Despite some progress on reining in the budget deficit, which is expected to fall from 5.3% of GDP in 2010 to 4% in 2011, the Cypriot economy has been rocked by the July 11 explosion of a munitions cache which damaged Cyprus's largest power station, causing nationwide blackouts and disruption to business, and saddling the government with an estimated EUR3bn in clean-up costs. In addition, there is further political uncertainty following the the Cabinet's decision to tender its resignation amid the ensuing public outcry.



The government has said that it has sufficient funds to meet its obligations until December 2011, but after that it would need to investigate further financing for its debt.

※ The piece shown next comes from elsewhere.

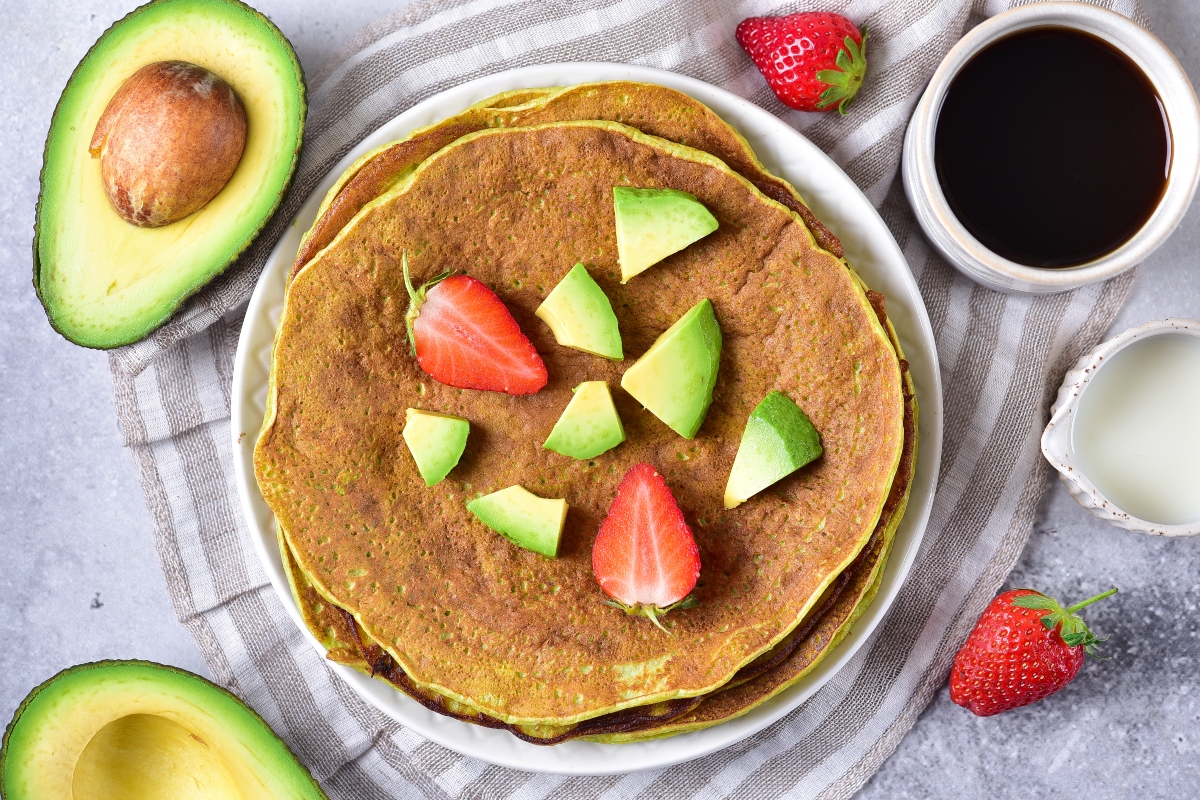 Avocado pancakes with strawberries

Any bailout of Cyprus would be nominal in comparison to earlier bailouts in respect of Greece, Ireland and Portugal, with total support for these nations now totalling EUR382bn. The Cypriot economy accounts for a mere fraction of the Eurozone's GDP, and its financing needs would therefore be significantly lower.


However, inaction leading to a bailout, the Bank has warned, could have significant ramifications for the island as an international financial centre, in terms of reputation and investor confidence, and international pressure could be exerted on Cyprus to increase taxes, potentially leading to a tax regime that is less conducive to investors.